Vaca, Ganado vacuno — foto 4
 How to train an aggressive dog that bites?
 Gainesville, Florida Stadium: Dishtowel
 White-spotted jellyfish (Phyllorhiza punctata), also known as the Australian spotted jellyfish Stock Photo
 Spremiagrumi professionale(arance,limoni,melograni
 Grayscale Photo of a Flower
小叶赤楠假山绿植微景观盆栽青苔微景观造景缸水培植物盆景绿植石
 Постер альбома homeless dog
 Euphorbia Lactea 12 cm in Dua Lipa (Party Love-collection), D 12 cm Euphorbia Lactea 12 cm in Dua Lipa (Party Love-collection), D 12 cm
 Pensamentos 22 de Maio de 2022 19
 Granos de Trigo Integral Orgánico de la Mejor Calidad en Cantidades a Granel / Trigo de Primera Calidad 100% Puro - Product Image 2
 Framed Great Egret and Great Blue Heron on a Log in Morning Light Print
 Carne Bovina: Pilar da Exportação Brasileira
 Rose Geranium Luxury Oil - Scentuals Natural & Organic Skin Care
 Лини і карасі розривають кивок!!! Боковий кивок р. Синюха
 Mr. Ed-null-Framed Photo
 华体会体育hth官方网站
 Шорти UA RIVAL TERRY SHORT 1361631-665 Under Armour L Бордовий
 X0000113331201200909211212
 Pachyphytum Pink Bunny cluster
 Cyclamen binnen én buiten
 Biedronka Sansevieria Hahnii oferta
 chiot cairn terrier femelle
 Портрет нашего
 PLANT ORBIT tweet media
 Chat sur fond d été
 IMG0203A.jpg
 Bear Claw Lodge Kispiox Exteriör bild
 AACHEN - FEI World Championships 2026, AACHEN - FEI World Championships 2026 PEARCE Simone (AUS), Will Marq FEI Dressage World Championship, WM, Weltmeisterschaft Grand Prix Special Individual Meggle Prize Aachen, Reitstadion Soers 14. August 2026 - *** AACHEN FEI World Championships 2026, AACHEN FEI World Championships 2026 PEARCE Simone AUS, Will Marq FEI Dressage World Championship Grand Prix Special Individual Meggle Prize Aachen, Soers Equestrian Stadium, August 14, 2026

_ _ _ _ _ _ _

__Exercise description__:
Your reply must contain each entry, reproduced exactly.

__Solution to this problem__:
Vaca, Ganado vacuno — foto 4
 How to train an aggressive dog that bites?
 Gainesville, Florida Stadium: Dishtowel
 White-spotted jellyfish (Phyllorhiza punctata), also known as the Australian spotted jellyfish Stock Photo
 Spremiagrumi professionale(arance,limoni,melograni
 Grayscale Photo of a Flower
小叶赤楠假山绿植微景观盆栽青苔微景观造景缸水培植物盆景绿植石
 Постер альбома homeless dog
 Euphorbia Lactea 12 cm in Dua Lipa (Party Love-collection), D 12 cm Euphorbia Lactea 12 cm in Dua Lipa (Party Love-collection), D 12 cm
 Pensamentos 22 de Maio de 2022 19
 Granos de Trigo Integral Orgánico de la Mejor Calidad en Cantidades a Granel / Trigo de Primera Calidad 100% Puro - Product Image 2
 Framed Great Egret and Great Blue Heron on a Log in Morning Light Print
 Carne Bovina: Pilar da Exportação Brasileira
 Rose Geranium Luxury Oil - Scentuals Natural & Organic Skin Care
 Лини і карасі розривають кивок!!! Боковий кивок р. Синюха
 Mr. Ed-null-Framed Photo
 华体会体育hth官方网站
 Шорти UA RIVAL TERRY SHORT 1361631-665 Under Armour L Бордовий
 X0000113331201200909211212
 Pachyphytum Pink Bunny cluster
 Cyclamen binnen én buiten
 Biedronka Sansevieria Hahnii oferta
 chiot cairn terrier femelle
 Портрет нашего
 PLANT ORBIT tweet media
 Chat sur fond d été
 IMG0203A.jpg
 Bear Claw Lodge Kispiox Exteriör bild
 AACHEN - FEI World Championships 2026, AACHEN - FEI World Championships 2026 PEARCE Simone (AUS), Will Marq FEI Dressage World Championship, WM, Weltmeisterschaft Grand Prix Special Individual Meggle Prize Aachen, Reitstadion Soers 14. August 2026 - *** AACHEN FEI World Championships 2026, AACHEN FEI World Championships 2026 PEARCE Simone AUS, Will Marq FEI Dressage World Championship Grand Prix Special Individual Meggle Prize Aachen, Soers Equestrian Stadium, August 14, 2026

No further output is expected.